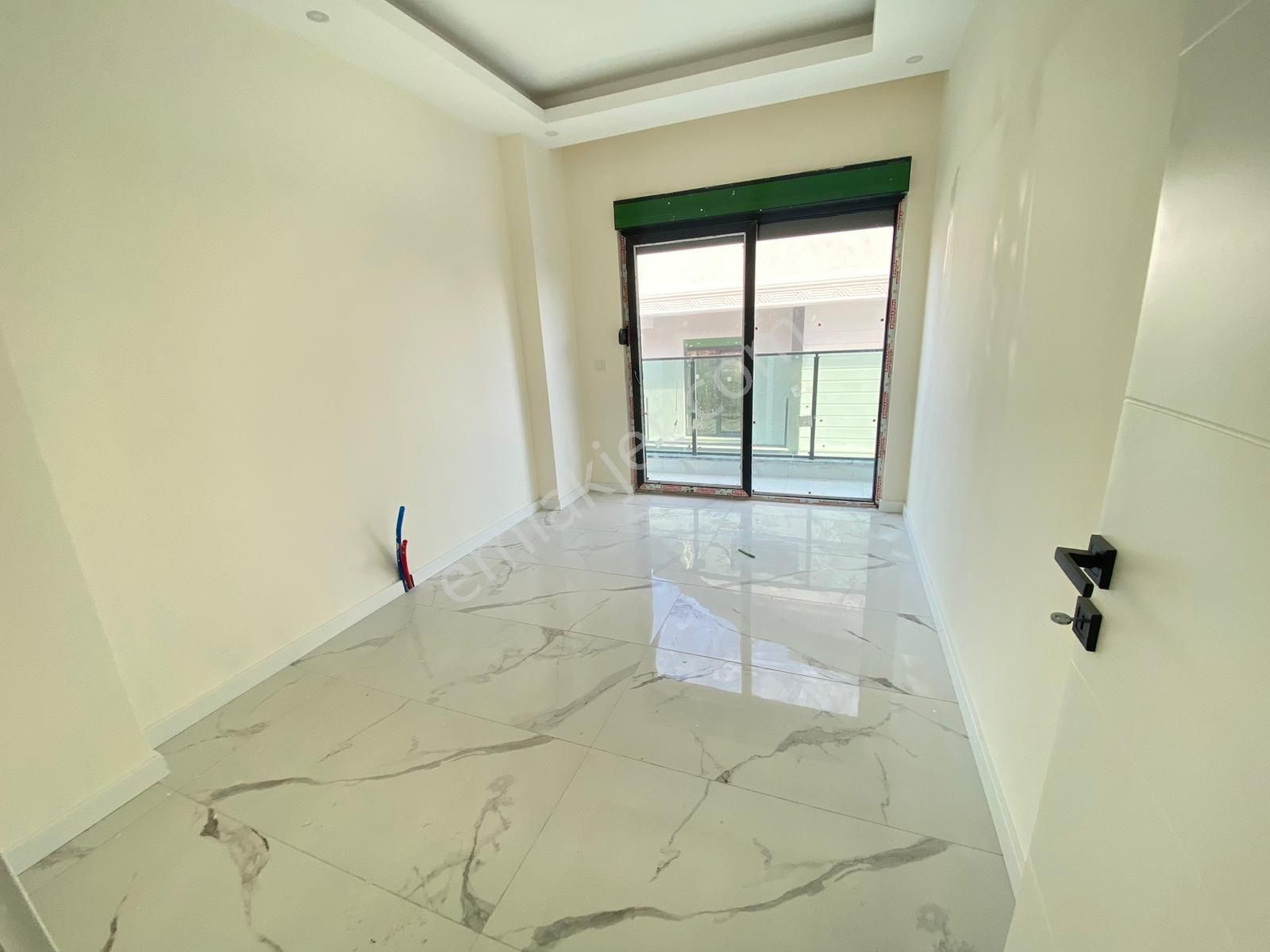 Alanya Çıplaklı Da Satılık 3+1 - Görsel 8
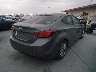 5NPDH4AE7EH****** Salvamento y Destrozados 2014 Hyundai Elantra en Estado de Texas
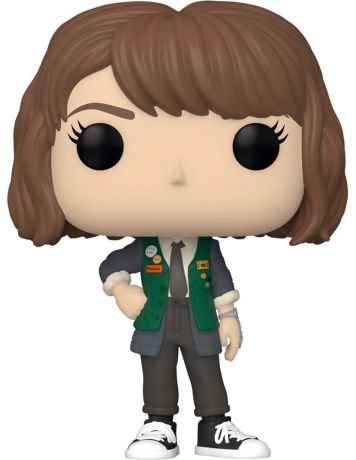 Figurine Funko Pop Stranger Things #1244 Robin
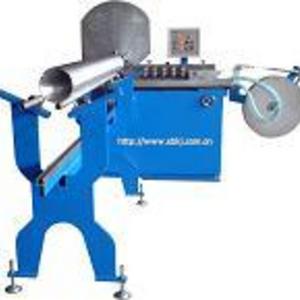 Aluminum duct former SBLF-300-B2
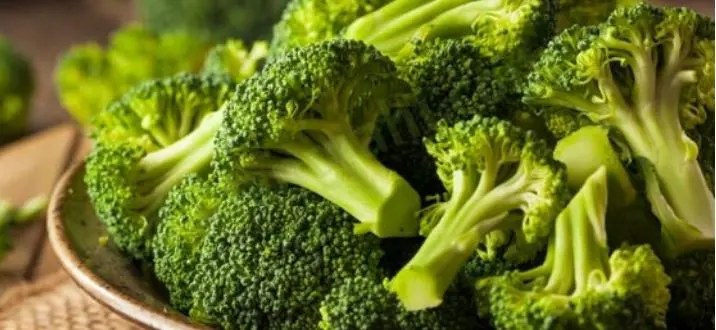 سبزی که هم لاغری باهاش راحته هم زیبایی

• _Problem description_
Every line above should be duplicated exactly; the pictures are to be left out.

• _Reply to the exercise_
 Alanya Çıplaklı Da Satılık 3+1 - Görsel 8
 5NPDH4AE7EH****** Salvamento y Destrozados 2014 Hyundai Elantra en Estado de Texas
 Figurine Funko Pop Stranger Things #1244 Robin
 Aluminum duct former SBLF-300-B2
 سبزی که هم لاغری باهاش راحته هم زیبایی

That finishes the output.